Reuters continues its spin on the economic report in its opening graphs:
New orders for a range of long-lasting U.S. manufactured goods unexpectedly rose in October, but sharp downward revisions to the prior month’s data and weak spending plans by businesses suggested manufacturing was taking a breather.The Commerce Department said on Wednesday durable goods orders excluding transportation rose 0.7 percent after a downwardly revised 0.6 percent increase in September. Economists had forecast this category unchanged from the previously reported 1.8 percent rise.
But weak demand for transportation equipment saw overall orders falling 0.7 percent after declining 1.5 percent in September. Economists had forecast overall orders dropping 1.0 percent last month.
First, two months of declining output is “taking a breather?” Sounds more like taking a punch. Jumping off from its headline, Reuters reports that orders for a “range” of goods unexpectedly rose and they proceed to report economic numbers while obscuring at least three bad bits of news:
- September’s numbers were revised sharply downward
- The downward revisions were much larger than economists expected, and
- October’s drop-off was much larger than economists expected.

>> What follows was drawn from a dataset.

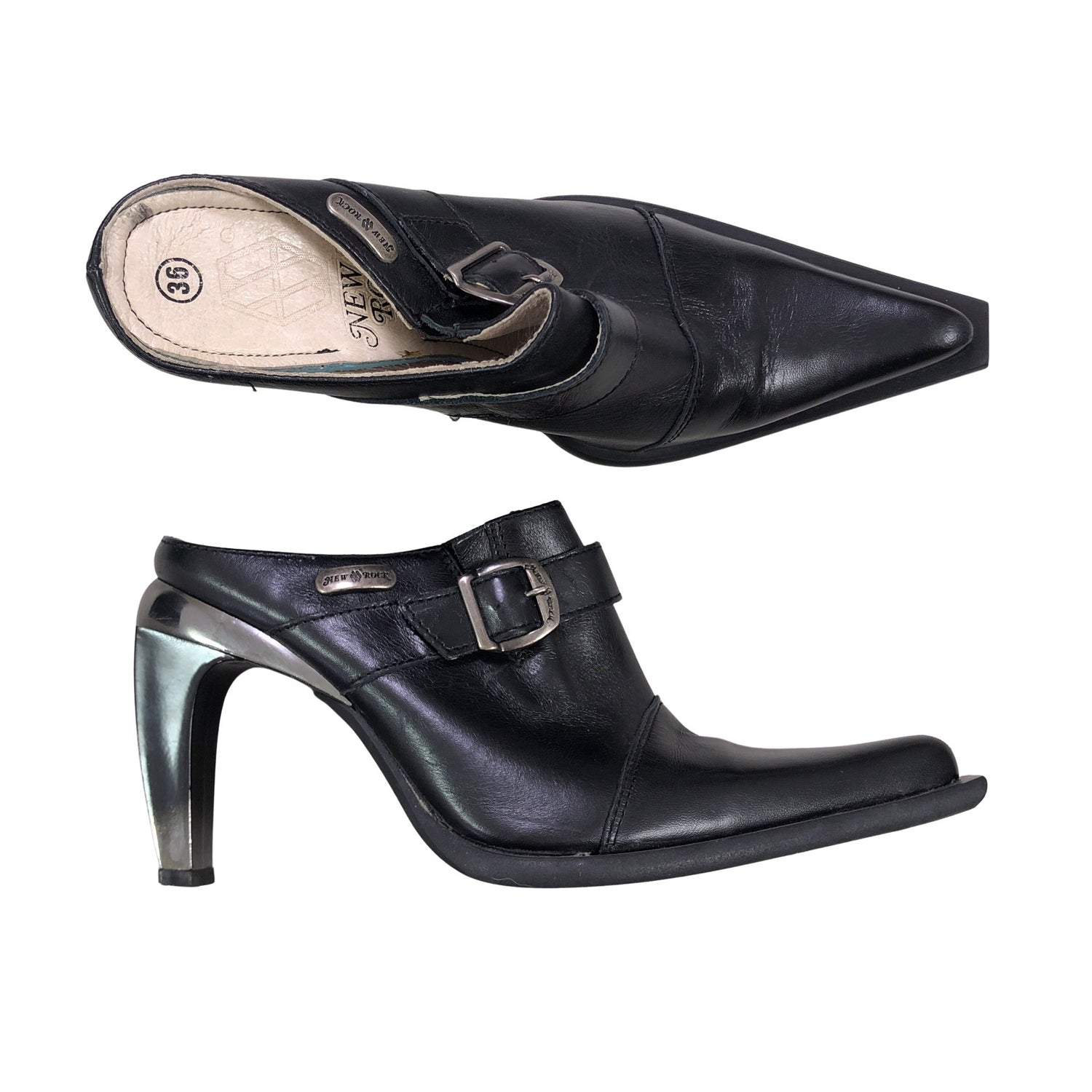 Korkokengät, koko 36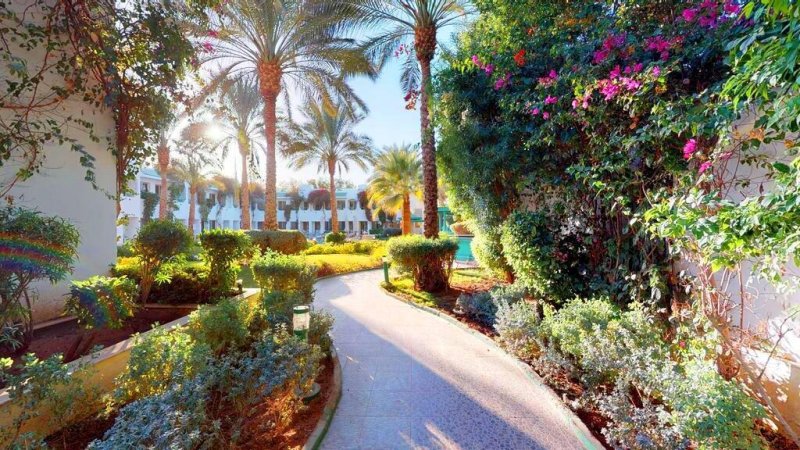 Sharm El-Sheikh utazás Falcon Hills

Contrast Reuters’ ‘rose-colored’ glasses take with the AP’s:
Business orders for long-lasting manufactured goods fell for a second straight month in October. While much of the weakness came from a big drop in demand for commercial aircraft, a key category that tracks business investment spending fell by the largest amount since January.
The Commerce Department reported Wednesday that orders for durable goods fell 0.7 percent following a September decline of 1.5 percent. Orders for core capital goods, considered a good proxy for business investment spending, dropped 1.8 percent, the biggest decline since a 4.8 percent fall in January.
Someone needs to tell Reuters, “You’re entitled to your own opinion, but not your own facts.”